German chemist (1753–1821)

Franz Karl Achard (28 April 1753 – 20 April 1821) was a German (Prussian) chemist, geoscientist, physicist, and biologist. His principal discovery was the production of sugar from sugar beets.

== Life and work ==
Achard was born in Berlin, the son of preacher Max Guillaume Achard, a descendant of Huguenot refugees, and his wife Marguerite Elisabeth (Rouppert). He studied physics and chemistry in Berlin. Achard became interested in sugar refining through his stepfather. At the age of 20, Achard entered the "Circle of Friends of Natural Sciences" and met Andreas Sigismund Marggraf, then director of the physical classes at the Royal Academy of Sciences. Achard studied many subjects, including meteorology, evaporation chillness, electricity, telegraphy, gravity, lightning arresters, and published in German and French.

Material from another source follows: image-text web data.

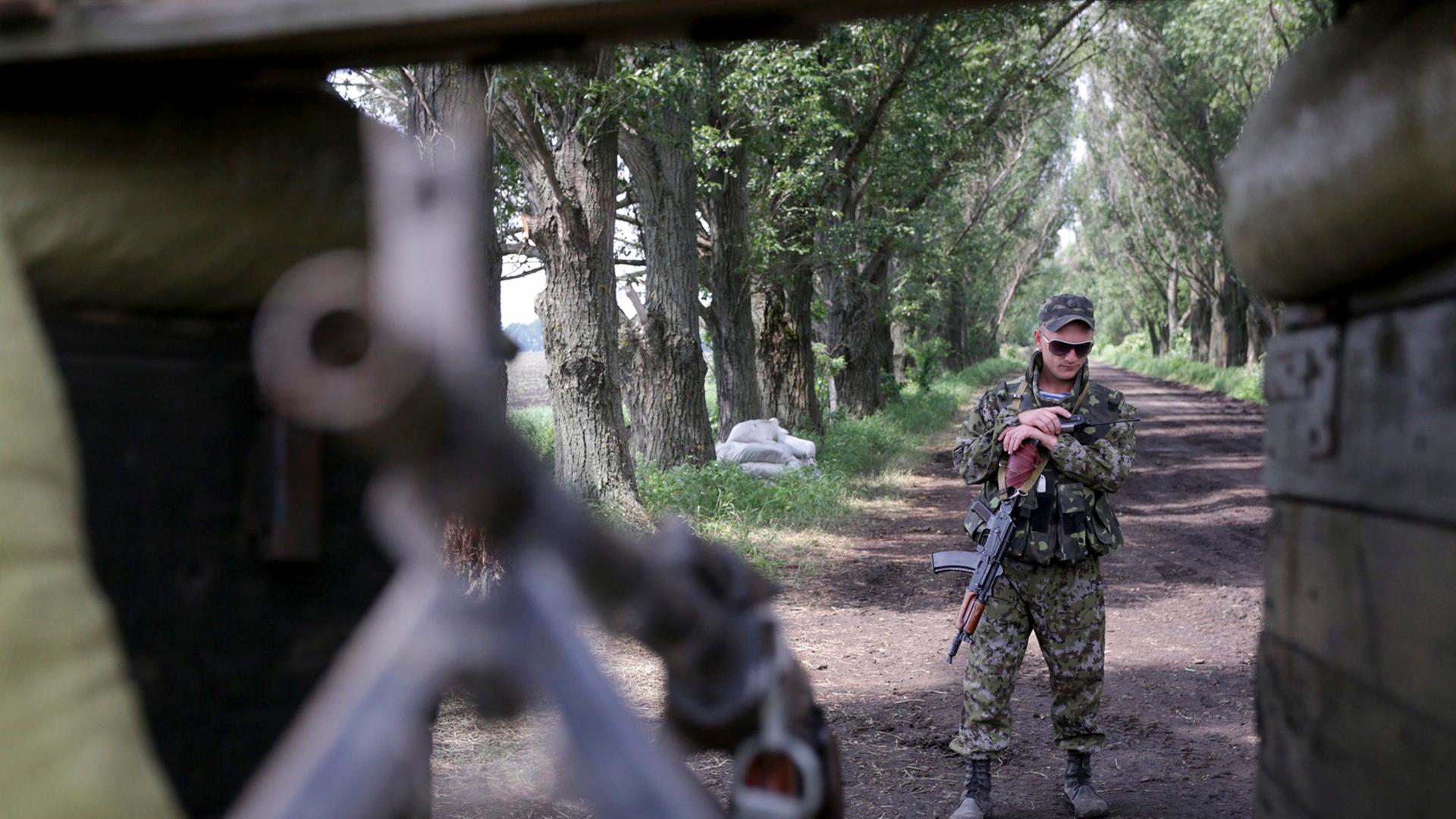 Ukrainischen Soldaten zielt mit einem Gewehr auf eine im Vordergrund ebenfalls mit einem Gewehr bewaffneten Person. Im Hintergrund ist eine Allee zu sehen.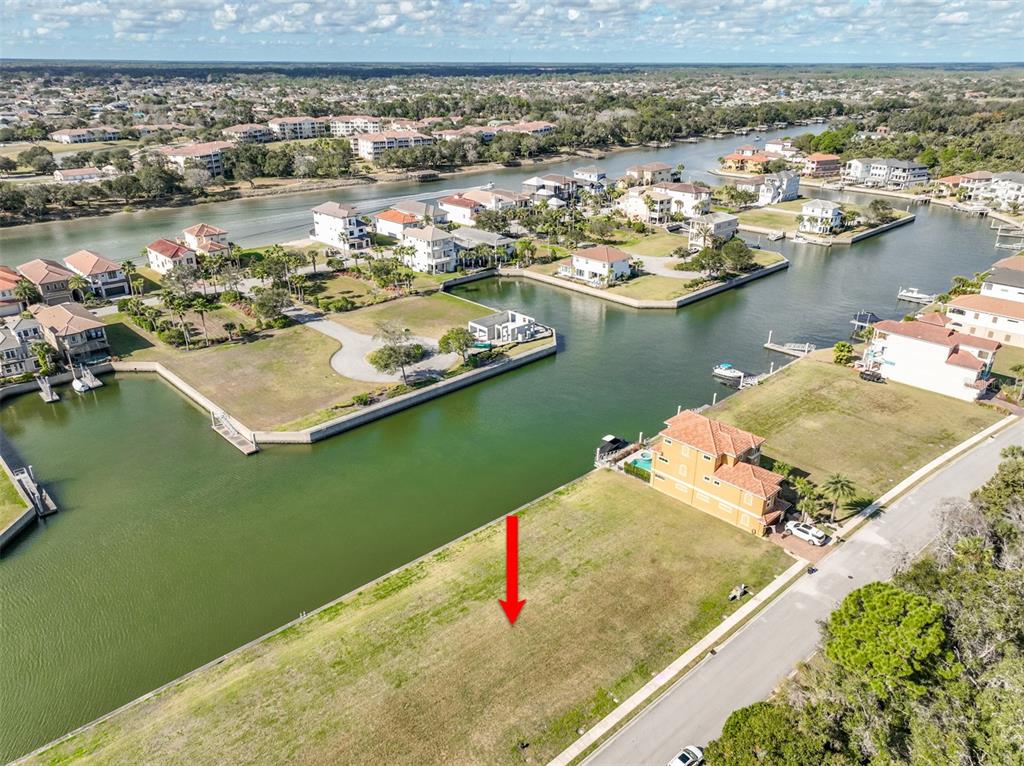 An aerial view shows a vacant waterfront lot next to a house with a pool — 268 HARBOR VILLAGE POINT N, PALM COAST, FL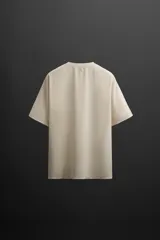 Camiseta deportiva marrón de tejido técnico, ligero y elástico con perforaciones. Cuello redondo, manga corta y logo estampado.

Achard was a favourite of King Frederick II of Prussia, and directly reported to the King on his research twice a week. About a study on the influence of electricity on mental capabilities, Frederick II was reported to have said: If he is able to provide reason for the half-wits in my Prussian states using electricity, then he is worth more than his own weight in gold.

In 1776 Achard was elected to the Royal Academy of Sciences at Berlin. In 1778, Achard was elected as member of the German Academy of Sciences Leopoldina. Following the death of Marggraf in 1782, Archard went on to become the director of the physical classes of the academy. In 1782 he was elected a foreign member of the Royal Swedish Academy of Sciences.

For his discoveries in the acclimatisation of tobacco to Germany, the king granted him a lifetime pension of 500 taler. Achard was also esteemed by Frederick William II of Prussia.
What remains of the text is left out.